What Impacts Hair Health?
Many internal and external factors can affect the hair growth cycle and overall health of your hair. Here are some of the main influences:
Genetics – Your DNA plays a major role in characteristics like hair texture, thickness, growth patterns and potential for baldness.
Hormones – Hormonal changes from puberty, pregnancy and menopause can disrupt the natural hair cycle.
Medical conditions – Thyroid disorders, autoimmune diseases and nutritional deficiencies can cause excessive shedding or hair loss.
Medications – Drugs like antidepressants, blood pressure meds and chemotherapy can lead to temporary or permanent hair loss.
Stress – High stress hormone (cortisol) levels can shift hairs from growth phase to shedding phase prematurely.
Hair care – Heat styling, tight hairstyles, harsh chemical products and overprocessing can damage the cuticle.
Diet – Getting enough protein, iron, zinc and vitamins (B, C, D) provides the nutrients hair needs to grow strong.
Aging – As we get older, hair cycles slow down and regrowth happens slower and finer. Baldness depends on genetics.
7 Tips for Healthy Hair
Caring for your hair properly is important for its overall health, strength and shine. Here are top tips:
- Use gentle, sulfate-free shampoos and conditioners
- Let hair air dry instead of using hot tools like blowdryers or straighteners
- Avoid tight hairstyles like ponytails or buns that pull on hair follicles
- Get regular trims to prevent split ends from travelling up the hair shaft
- Eat a balanced diet high in protein, iron, zinc and vitamins
- Take supplements like biotin, vitamin D or collagen if hair is thinning
- Reduce stress through yoga, meditation or other relaxation techniques
Frequently Asked Questions
What are the 3 main structures of hair?
The cuticle protects the cortex and medulla. The cortex gives hair strength. The medulla is a soft core that not all hairs have.

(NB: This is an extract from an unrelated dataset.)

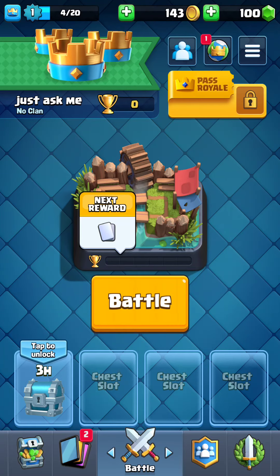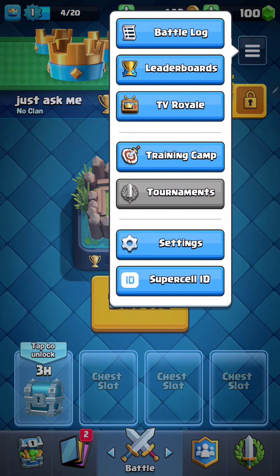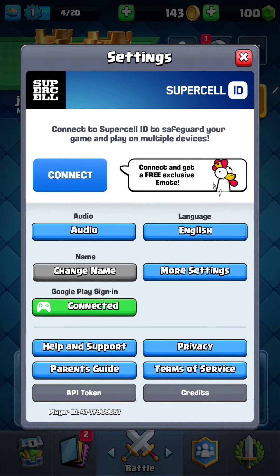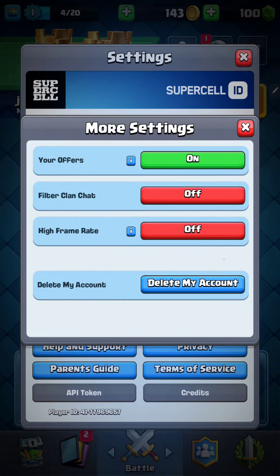Click the 3 lines at the upper right corner of the screen and go to the settings section. Here you can find the more settings button and go to the second option, the filter clan chat. If you want to enable this function, just click the off button to turn it on.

What controls the hair growth cycle?
The hair growth cycle is controlled by hormones, genetics, age, and factors like stress, nutrition and medications. Hormones like estrogen, progesterone, and testosterone play a key role in regulating the phases of hair growth.
What is a hair follicle?
A hair follicle is the cavity or sac within the skin from which a hair originates and grows. The hair follicle contains connective tissue, blood vessels, nerves, the root of the hair, and sebaceous (oil) glands.
How does hair grow out of the follicle?
Hair grows from the root in the follicle. The cells at the base divide rapidly to form the hair shaft that emerges on the surface. The follicle anchors and nourishes the root as it grows. Sebum lubricates the emerging hair.

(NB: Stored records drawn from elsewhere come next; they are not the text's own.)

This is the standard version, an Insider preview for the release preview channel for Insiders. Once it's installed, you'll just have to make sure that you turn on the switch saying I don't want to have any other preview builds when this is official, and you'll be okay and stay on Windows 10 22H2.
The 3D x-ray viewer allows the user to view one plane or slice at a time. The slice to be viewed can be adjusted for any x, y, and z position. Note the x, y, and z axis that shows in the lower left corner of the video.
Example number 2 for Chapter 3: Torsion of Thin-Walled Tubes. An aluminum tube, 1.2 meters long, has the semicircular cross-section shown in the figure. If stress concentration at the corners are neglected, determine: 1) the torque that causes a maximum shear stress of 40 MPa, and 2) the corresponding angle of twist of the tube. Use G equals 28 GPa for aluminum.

What causes hair to turn grey?
As we age, our hair follicles produce less melanin – the pigment that gives hair its color. With less melanin, new hair strands grow in lighter and turn grey. Factors like genetics, stress, and smoking can also cause premature greying.

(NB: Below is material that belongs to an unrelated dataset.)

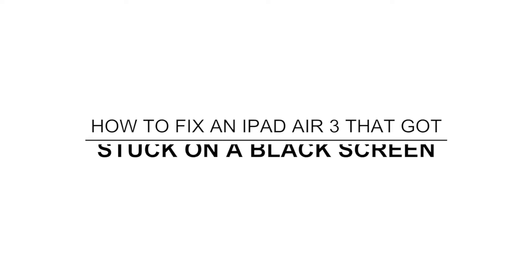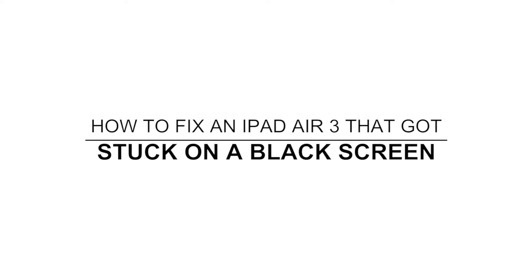In this video, we will show you how to fix an iPad Air 3 that got stuck on the black screen of death after the iPadOS 14 update.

What are the symptoms of hair follicle disorders?
Symptoms of conditions like alopecia areata, folliculitis, and lichen planopilaris include excessive shedding, bald patches, scaling, pimples on the scalp, and red, itchy inflamed follicles.
How many hairs does the average person have?
The average person has around 100,000 to 150,000 hairs on their head. We have a range of different hair types including vellus hair, terminal hair, lanugo hair, etc. The total number of hairs varies by age, sex, and body part.
Do hair follicles heal after injury?
If the follicle root remains intact, hair can regrow after an injury. But if the follicle stem cells are destroyed, scar tissue forms and prevents regeneration. Proper wound care and treatment help optimize healing and hair regrowth.
What impacts hair health and growth?
Genetics, hormones, age, nutrition, stress levels, medications, hair care practices, and medical conditions like thyroid disorders affect hair health and growth cycles. A balanced diet, scalp massage, avoiding harsh products, and managing stress support healthy hair.